EXERCISE AIM — Leaving out all pictures, write out word for word the lines from the one containing "How to Change" to the end of the data below.

GIVEN DATA —
--------

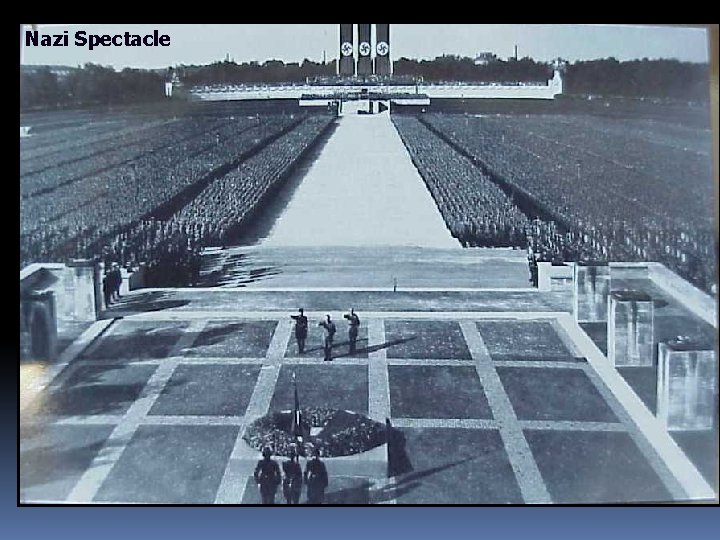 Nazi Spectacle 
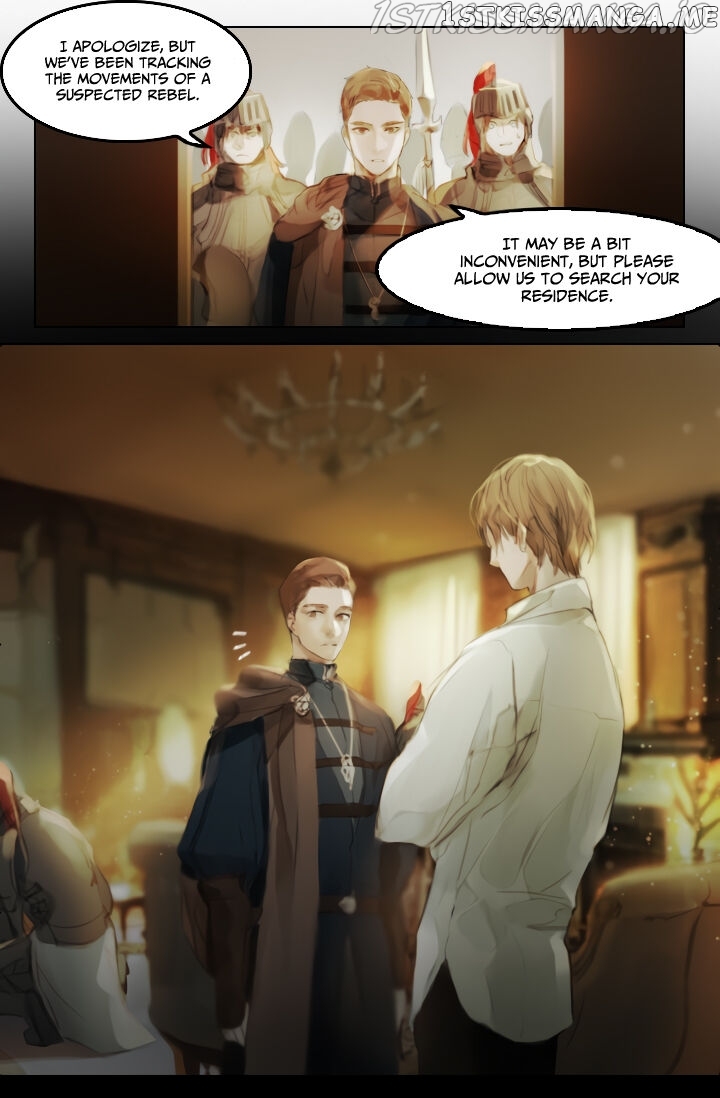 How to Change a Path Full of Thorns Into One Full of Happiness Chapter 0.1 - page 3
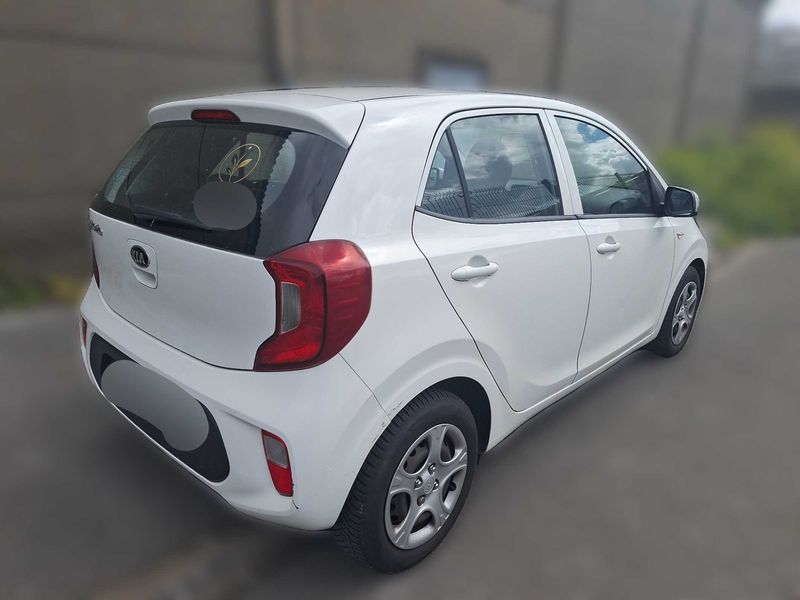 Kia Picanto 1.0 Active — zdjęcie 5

--------

YOUR SOLUTION —
 How to Change a Path Full of Thorns Into One Full of Happiness Chapter 0.1 - page 3
 Kia Picanto 1.0 Active — zdjęcie 5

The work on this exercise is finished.